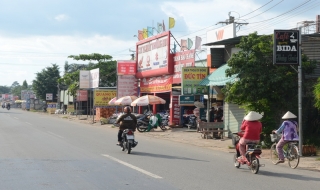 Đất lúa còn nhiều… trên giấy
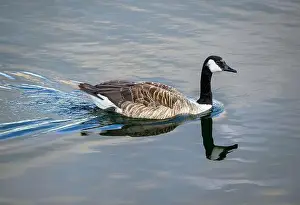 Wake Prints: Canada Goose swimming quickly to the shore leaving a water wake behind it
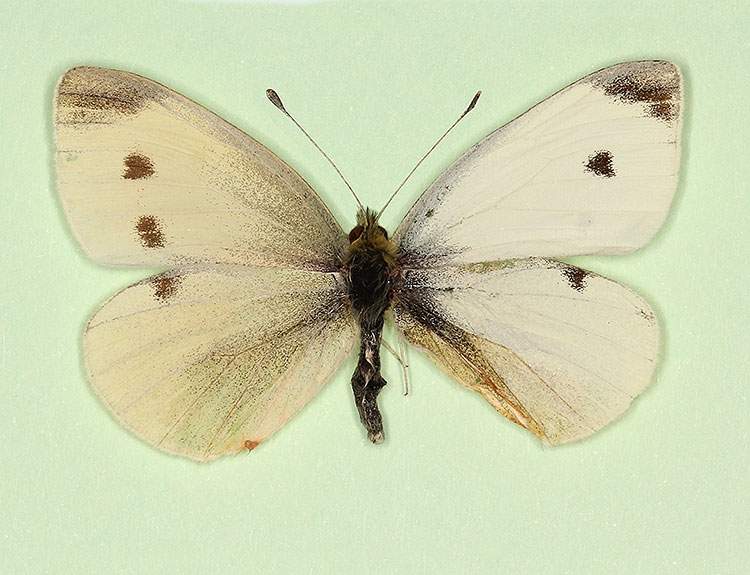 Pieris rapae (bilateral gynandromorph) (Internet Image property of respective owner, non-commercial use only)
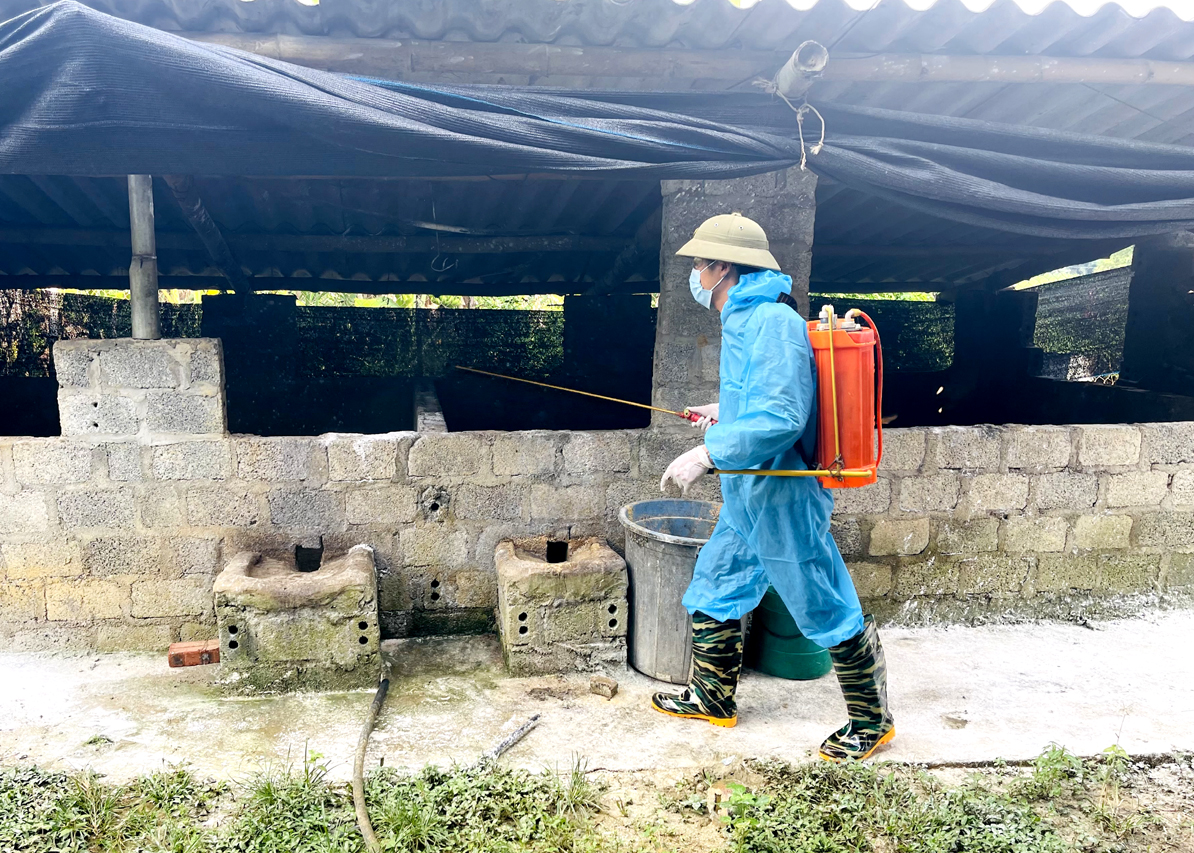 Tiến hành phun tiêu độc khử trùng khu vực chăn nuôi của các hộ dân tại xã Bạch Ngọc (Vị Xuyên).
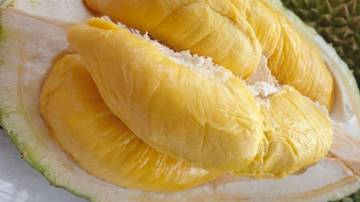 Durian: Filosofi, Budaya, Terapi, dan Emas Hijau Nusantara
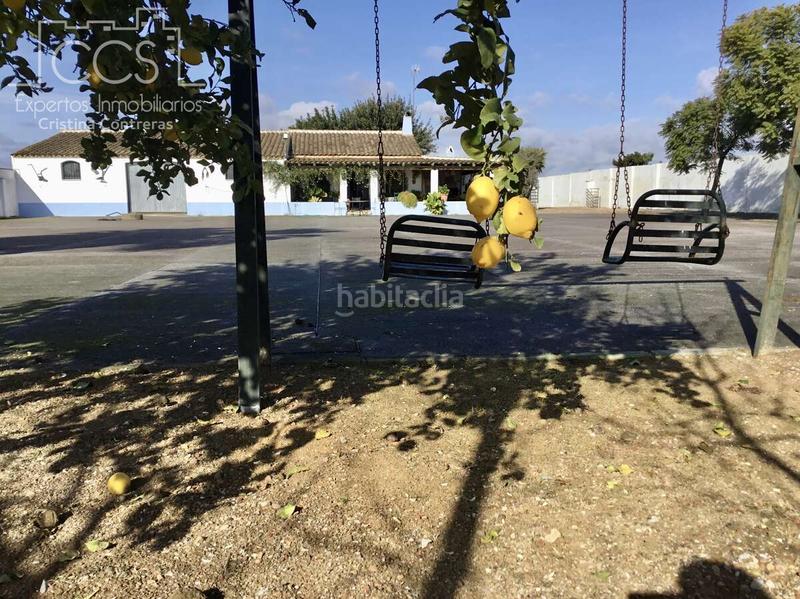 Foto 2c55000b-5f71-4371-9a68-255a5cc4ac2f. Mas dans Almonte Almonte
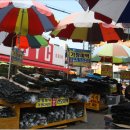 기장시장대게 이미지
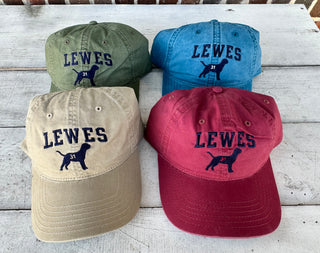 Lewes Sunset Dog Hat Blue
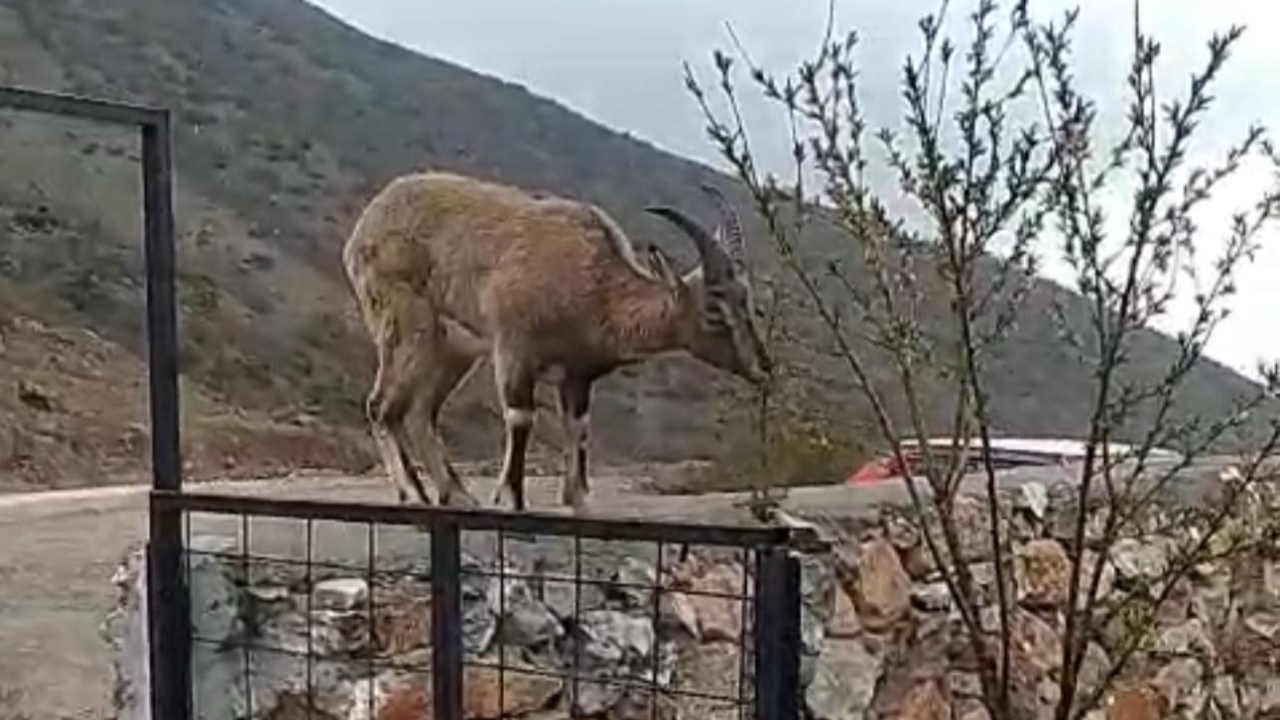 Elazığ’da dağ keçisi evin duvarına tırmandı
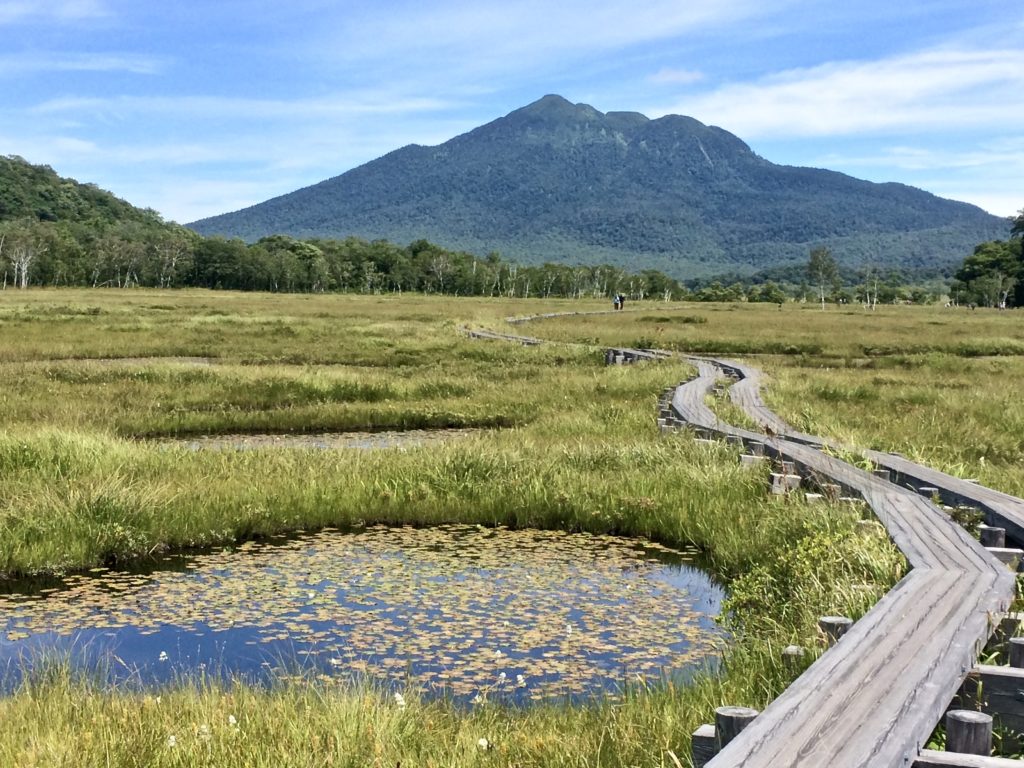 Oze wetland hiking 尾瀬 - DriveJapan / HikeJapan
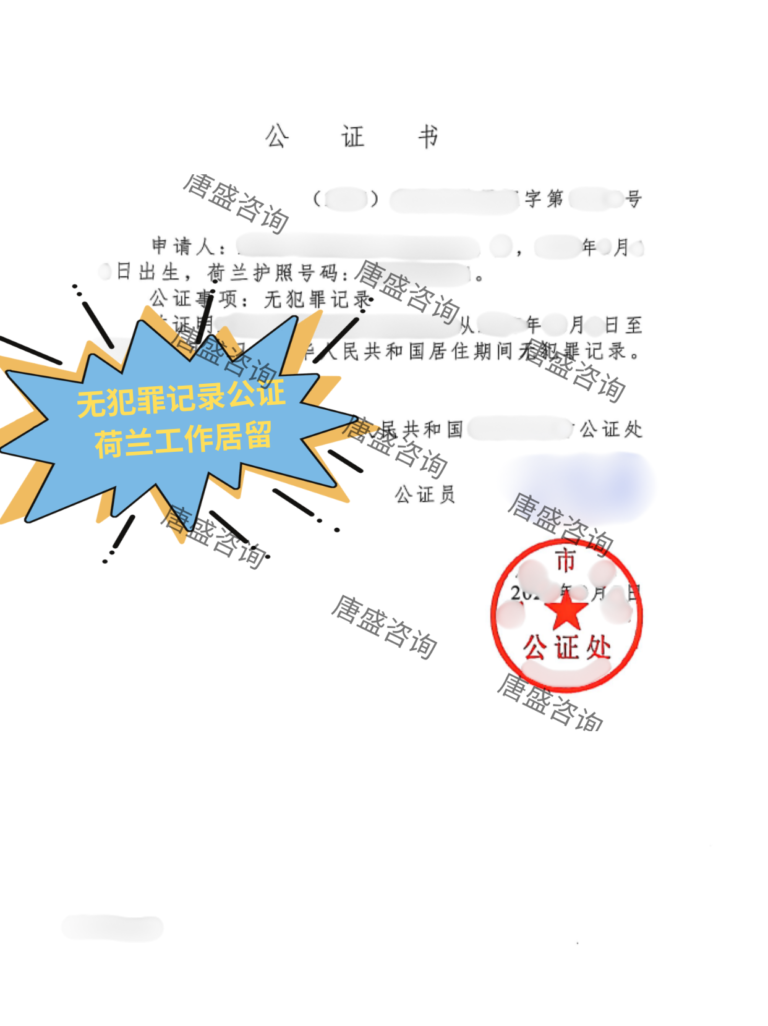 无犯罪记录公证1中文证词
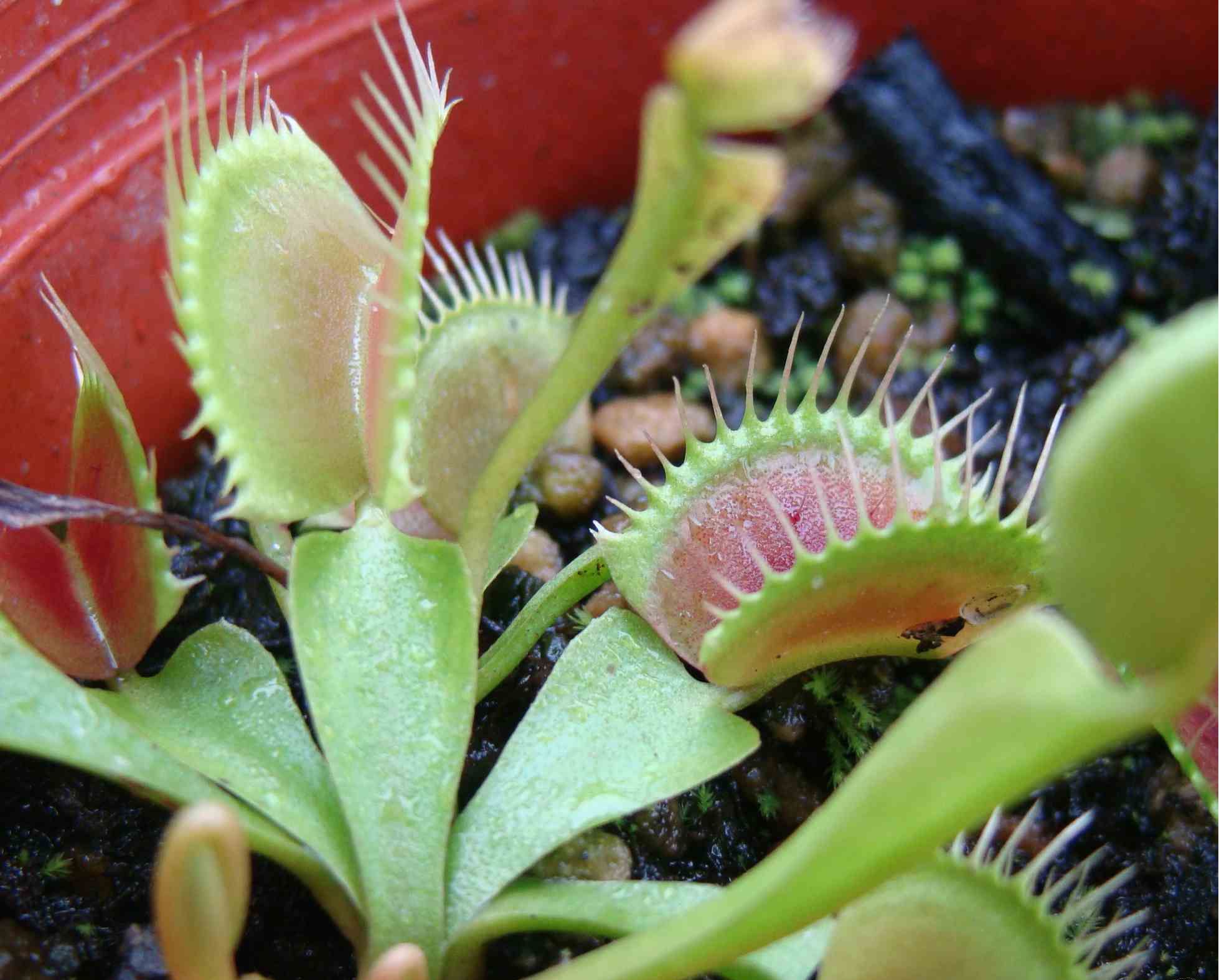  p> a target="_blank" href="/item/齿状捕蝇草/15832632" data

-----

Work to be completed:
Every line from the one with "无犯罪记录公证1中文证词" through the end of the records above belongs in the answer, copied exactly; no picture does.

Solution to the problem:
 无犯罪记录公证1中文证词
  p> a target="_blank" href="/item/齿状捕蝇草/15832632" data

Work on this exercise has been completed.